%%

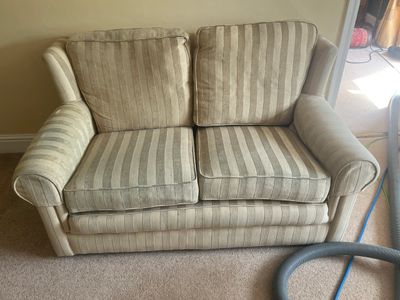 Heavily soiled armchair in Nassington near peterborough expertly cleaned by Longueville Carpet and u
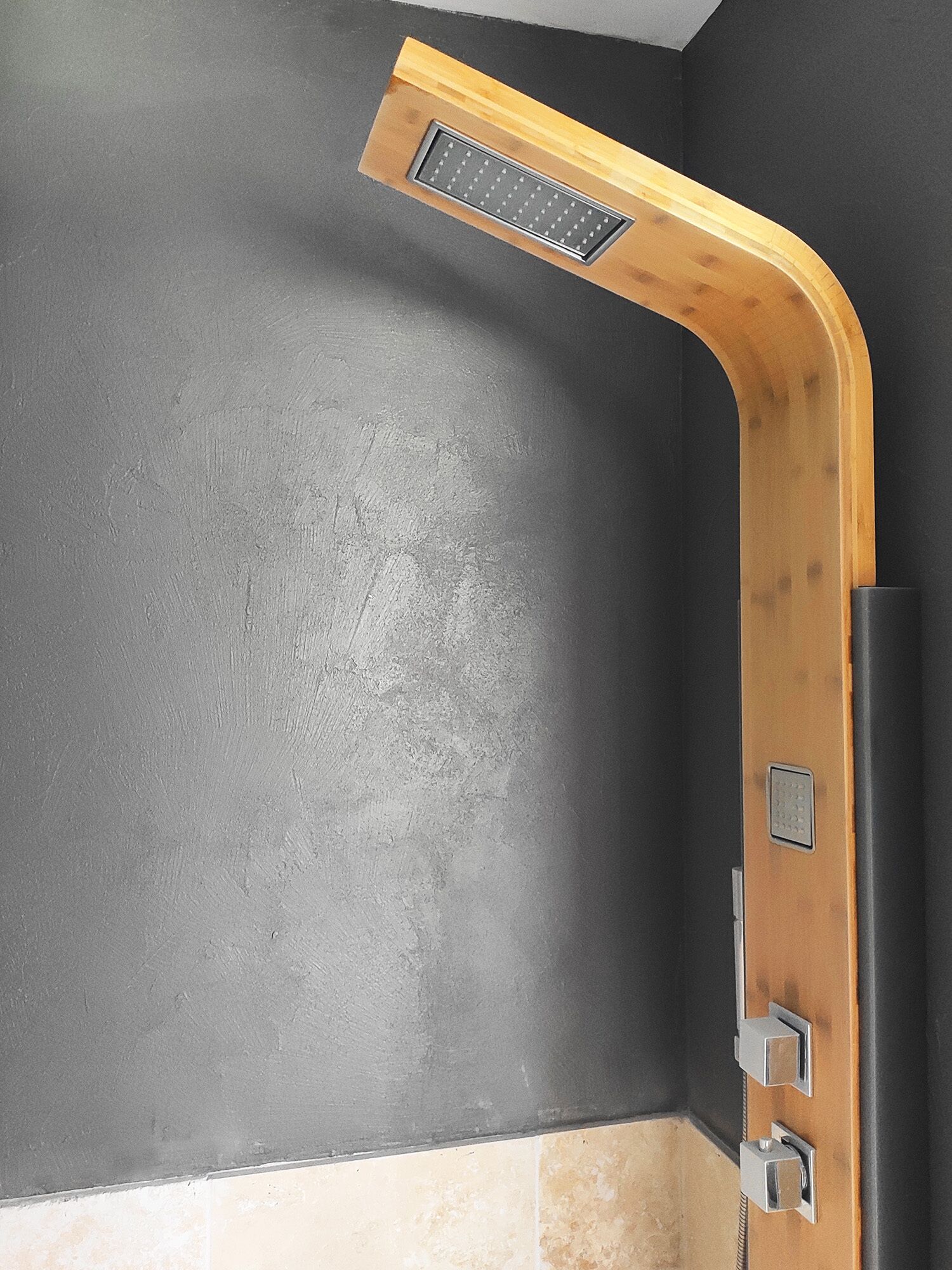 Een hoek van een kamer met een douchecabine van hout en een zwarte wand.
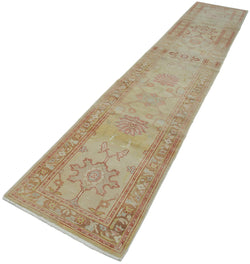 Collection of 2' 4'' x 13' 7'' Hand-Knotted Runner Rug in a gallery layout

%%

**Your assignment:**
Go through the material above and repeat it exactly. Omit the pictures.

**Reply:**
 Heavily soiled armchair in Nassington near peterborough expertly cleaned by Longueville Carpet and u
 Een hoek van een kamer met een douchecabine van hout en een zwarte wand.
 Collection of 2' 4'' x 13' 7'' Hand-Knotted Runner Rug in a gallery layout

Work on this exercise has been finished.